Exercise. Give the number of lines in the entries that contain "Brass". State only the count.
=== Data excerpts ===
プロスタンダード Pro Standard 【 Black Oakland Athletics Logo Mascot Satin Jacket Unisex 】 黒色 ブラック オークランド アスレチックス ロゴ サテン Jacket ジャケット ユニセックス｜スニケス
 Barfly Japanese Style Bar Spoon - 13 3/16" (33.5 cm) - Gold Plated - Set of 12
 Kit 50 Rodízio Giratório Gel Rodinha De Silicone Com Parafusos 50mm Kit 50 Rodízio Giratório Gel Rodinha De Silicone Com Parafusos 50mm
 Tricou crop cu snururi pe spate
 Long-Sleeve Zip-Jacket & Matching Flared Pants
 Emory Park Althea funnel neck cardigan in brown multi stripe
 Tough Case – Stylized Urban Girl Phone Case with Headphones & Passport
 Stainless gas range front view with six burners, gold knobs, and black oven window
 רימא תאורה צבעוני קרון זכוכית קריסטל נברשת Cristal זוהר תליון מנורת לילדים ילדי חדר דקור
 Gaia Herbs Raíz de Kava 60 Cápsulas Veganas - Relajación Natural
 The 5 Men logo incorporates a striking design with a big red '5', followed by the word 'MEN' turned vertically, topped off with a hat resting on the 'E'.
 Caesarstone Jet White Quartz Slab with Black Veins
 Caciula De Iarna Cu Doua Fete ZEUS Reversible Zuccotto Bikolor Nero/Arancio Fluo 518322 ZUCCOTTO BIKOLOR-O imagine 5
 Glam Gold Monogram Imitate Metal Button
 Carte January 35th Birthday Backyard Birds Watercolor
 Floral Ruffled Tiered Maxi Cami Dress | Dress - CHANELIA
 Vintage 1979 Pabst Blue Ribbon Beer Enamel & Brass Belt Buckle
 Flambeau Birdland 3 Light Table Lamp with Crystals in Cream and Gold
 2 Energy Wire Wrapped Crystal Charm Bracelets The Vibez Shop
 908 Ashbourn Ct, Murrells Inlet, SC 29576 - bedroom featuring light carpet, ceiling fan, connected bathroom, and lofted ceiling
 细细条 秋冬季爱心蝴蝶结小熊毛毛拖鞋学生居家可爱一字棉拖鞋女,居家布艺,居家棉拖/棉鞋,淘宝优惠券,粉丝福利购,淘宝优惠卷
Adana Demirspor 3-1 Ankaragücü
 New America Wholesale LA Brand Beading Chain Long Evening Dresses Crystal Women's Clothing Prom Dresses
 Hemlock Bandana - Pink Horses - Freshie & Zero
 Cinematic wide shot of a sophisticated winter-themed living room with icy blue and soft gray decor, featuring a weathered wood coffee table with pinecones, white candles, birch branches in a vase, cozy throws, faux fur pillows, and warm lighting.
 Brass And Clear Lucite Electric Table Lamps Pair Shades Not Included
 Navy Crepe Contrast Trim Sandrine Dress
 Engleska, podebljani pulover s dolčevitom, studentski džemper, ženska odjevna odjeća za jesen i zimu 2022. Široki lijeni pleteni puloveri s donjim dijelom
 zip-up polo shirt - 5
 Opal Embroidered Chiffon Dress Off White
===
Solution to this problem. 2